With renewed determination (following quite a serious loss of heart and plummeting of self-assurance pre-Christmas), I have done three things since the start of January to attempt to build confidence and fluency in my language ability, as well as develop a sense of independence that I have missed for quite some time. First (a happy coincidence for which I cannot claim any responsibility - the opportunity quite simply fell into my lap and I realised I couldn't possibly turn it down), I have taken up Nordic walking with a small group (of Italians). Our lovely friend Mara asked if I would be interested in going along with her, so of course (in a fit of grasping the nettle with both hands) I said yes. The group meets twice a week, the conversation is entirely in Italian, the people are lovely and very easy to be with, and the activity is enjoyable, already having taken me to 4 different and interesting locations in the valley. Lots of ticks! Second, I have re-instigated a weekly lesson - or at least conversation hour - with our friend (and our former teacher) Samantha in the hopes that a weekly dose of speaking (even if work/other interruptions take me out of circulation in the outside world) and some revision of some of the grammar will help build confidence/familiarity. Third, I am trying to keep on top of seeing some Italian friends socially on a (semi)regular basis, for a coffee or for a drink. All time and effort-intensive, but if they help build my self-confidence and independence and help me to feel more rooted in life here (outside of our 12 acres), it will be worth every iota of effort and every second of time.

On the working on the land front, we have felled, cut and processed around 15 trees on the uppermost terraces - trees that were shading the olives and that would have caused serious damage had they fallen in the wind.

With all the trees we've felled we are in pretty good shape for the winter after next.

There's still quite a lot of bonfire burning to be done though!

We've also increased our stock of pimps (fire-lighting bundles) to around 100 (after having started the process over Christmas). Fingers crossed that by next winter, when the bundles will have dried out fully, we should have a much reduced need to buy any commercially produced fire lighters.

The pimps make a rather lovely winter light display in the house (where they are currently drying).

We also experimented with a new labour-saving (more precisely back-saving) purchase that Stuart had spotted on the internet and used some of his Christmas money to buy us - log tongs - designed to make the moving and carrying of logs easier and with less need to bend down all the time:



We've had a plumber out to fix a leak on the heat pump, and Stuart has spent a day insulating the shed in which the heat pump lives - hopefully meaning it will have to work a little less hard in the depths of winter. Indeed this morning, while just 4C outside, the temperature inside the shed was registering 12C, which is hopefully a good sign.

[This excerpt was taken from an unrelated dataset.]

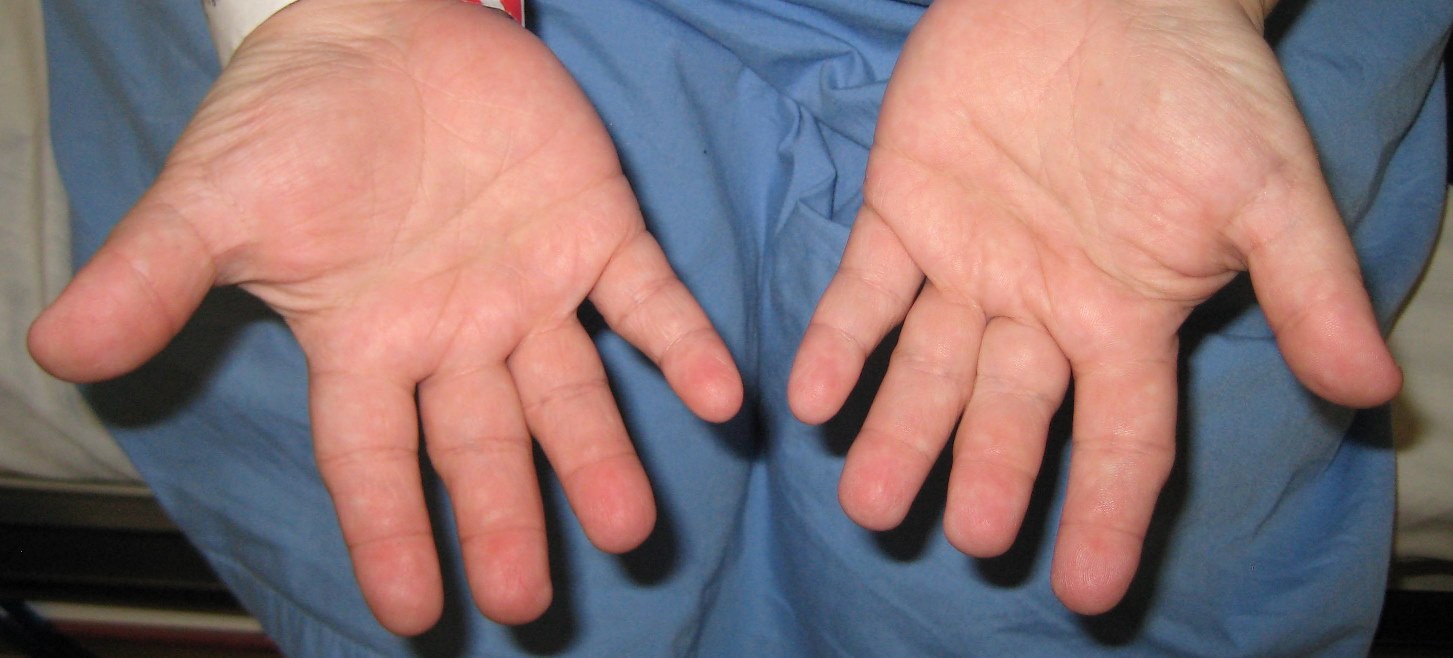 Header | Dikke vingers tijdens het wandelen (1)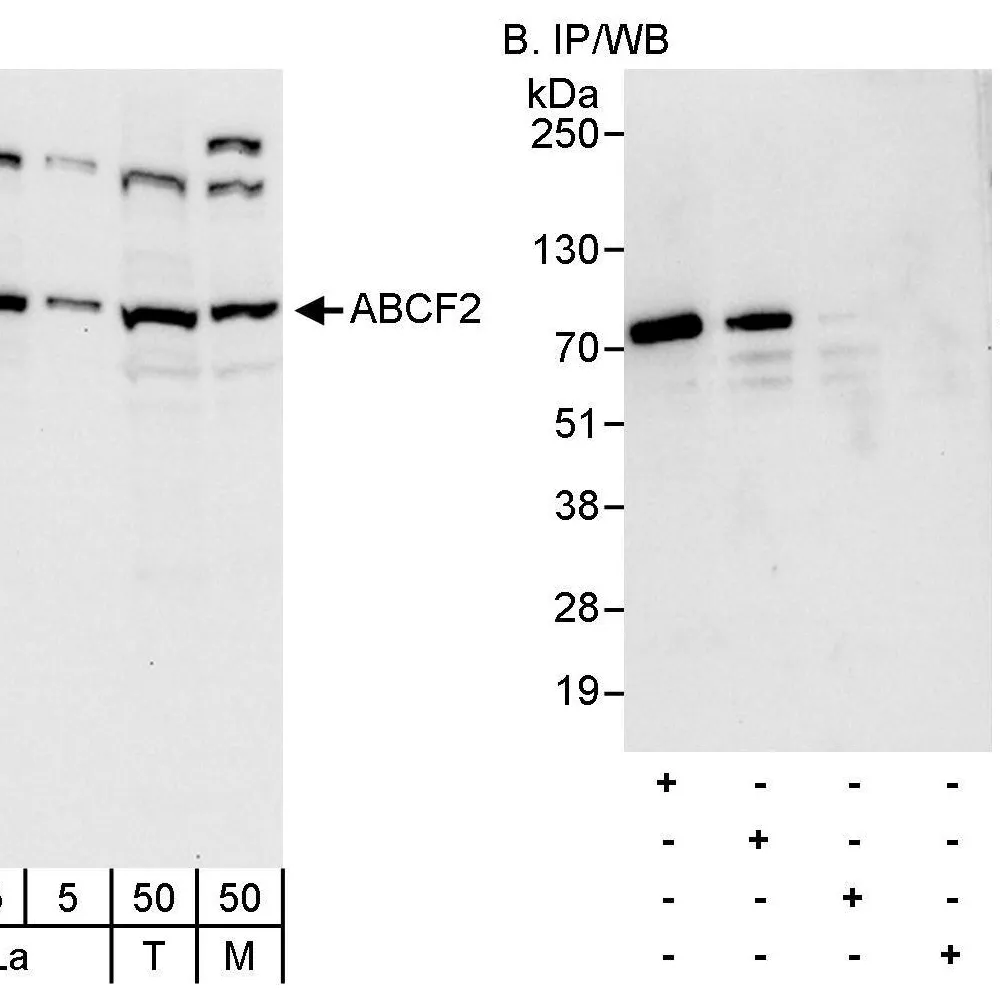 Rabbit anti-ABCF2 Antibody, Affinity Purified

We've also finally filed our paperwork for permits for permanent residency. We had a farcical morning in which we went to the first comune office, to be told we needed to go to another office. The second office was the correct office in which to file the paperwork but couldn't give us the form we needed, so we had to go to a third office (the main registry office) to get the forms. Once the forms were filled in we had to go and buy stamps for them (a form of payment) from the tobacconist. We then took the forms and the paperwork to the second office to file them, but were told they weren't qualified to check the paperwork we had submitted (invoices, tax records, etc.) and that we needed to go back to the main registry office to have it checked. Once there, the woman behind the counter rolled her eyes in desperation and sent us away again saying that the second office could call them if there were any problems. So then it was back to the tobacconist to get a couple of copies of some of the paperwork, and then finally back to the second office to have it filed. The lady took the paperwork from us and started entering details into the computer. She looked up and asked if we needed a copy of it all and when we said no, she told us we could leave. Naturally, having gone to all the effort and having handed over all our paperwork, we wanted to know what would happen next - the lady simply shrugged her shoulders and said "I don't know"! So, we wait to see if something arrives in the post... keep your fingers crossed and watch this space!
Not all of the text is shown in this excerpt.